As condições do setor de veículos elétricos (EV) foram amplamente discutidas como fonte de lições sobre como reforçar a competitividade do continente e evitar a erosão de sua fatia de mercado em áreas estratégicas nos próximos anos. As empresas chinesas de EV superam as concorrentes europeias na capacidade de produzir com menores recursos, com uma vantagem estimada em 20%. Resultado disso são carros elétricos mais baratos que já levaram as montadoras asiáticas em 2025 a uma participação de 8% no continente naquele segmento, mesmo com tarifas de importação de 45% impostas a elas pela União Europeia.
Criar parcerias em lugar de bater de frente na briga por consumidores tem sido um caminho. O grupo Stellantis (que congrega as marcas Fiat, Jeep, Peugeot, Citroen,
Alfa Romeo, Chrysler, RAM) se tornou acionista da fabricante chinesa de veículos elétricos Leapmotor em 2023, ampliando assim seu portfolio nesse segmento.
Já a Renault fechou parceria estratégica com a chinesa Geely, cujos modelos elétricos serão produzidos na fábrica da marca francesa no Paraná.
Ambas, Leapmotor e Geely, estiveram presentes com estandes próprios no Salão do Automóvel realizado em novembro em São Paulo.
Delloite, outro gigante global do ramo das consultorias, entende que o Brasil está bem posicionado para se tornar efetivo protagonista no ambiente de uma economia verde, graças a sua biodiversidade, matriz energética e disponibilidade tanto de água quanto de solo fértil.
Pesquisa realizada com lideranças do cenário corporativo mostra, no entanto, que apesar daquele potencial, 26% dos respondentes afirmam que o país ainda não está bem preparado para um processo efetivo de transição. Uma limitada percepção acerca do retorno financeiro da adoção de práticas sustentáveis e uma cultura organizacional que privilegia o curto prazo são apontados pela maioria dos participantes como obstáculos naquela direção.
A necessidade de investir na transição verde ainda não é tratada como prioridade estratégica, ainda que 70% dos executivos reconheçam que as mudanças climáticas já impactam seus mercados indica ainda a Deloitte. Em outras palavras, mesmo quando existe o entendimento de que soluções inovadoras podem ser lucrativas e as mudanças positivas, as apostas nessa direção são lentas, graduais e cautelosas.
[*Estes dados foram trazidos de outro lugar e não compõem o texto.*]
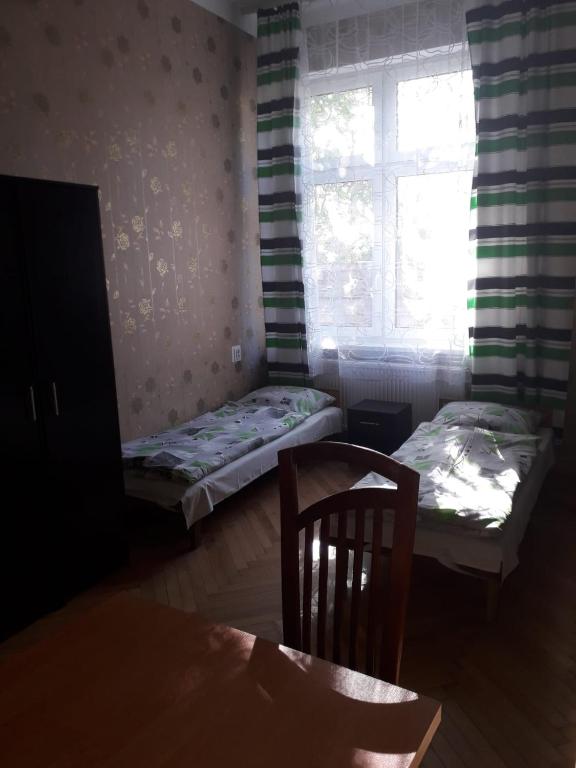 Posteľ alebo postele v izbe v ubytovaní mPark Noclegi Śląsk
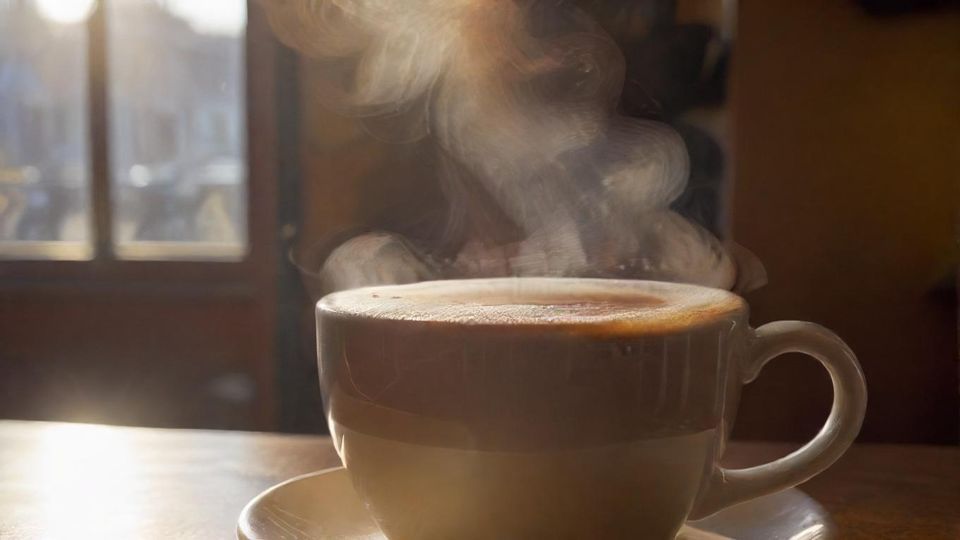 完璧に淹れられたコーヒーカップのクローズアップ、湯気が立ち上り、居心地の良い日当たりの良いカフェの雰囲気。<br  class=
Apresentado em Nairobi, no Quênia, nesta segunda semana de dezembro, o Global Environment Outlook GEO 7, relatório do Programa das Nações Unidas sobre Meio Ambiente (Pnuma) evidencia números e conclusões preocupantes. O documento, resultado das visões de 287 especialistas de 82 países, aponta que mantido o cenário atual, as mudanças climáticas reduzirão o Produto Interno Bruto (PIB) global anual em 4% até 2050, aumentarão a migração forçada e causarão milhões de mortes.
E defende o trabalho conjunto de governos e sociedade civil para mudar o curso de abordagens econômicas e financeiras tradicionais, além da necessidade de se repensar o uso de energia, a questão da alimentação e a gestão de resíduos.
Um esforço amplo dessa natureza poderia “até 2050 evitar nove milhões de mortes prematuras relacionadas à poluição, tirar 200 milhões de pessoas da subnutrição e erradicar a pobreza extrema de 150 milhões de indivíduos”, calcula o relatório. Ao mesmo tempo, o Pnuma sinaliza: benefícios macroeconômicos em
nível global resultantes de uma guinada verde começariam a aparecer em 2050, permitindo ganhos equivalentes a US$ 20 trilhões por ano até 2070.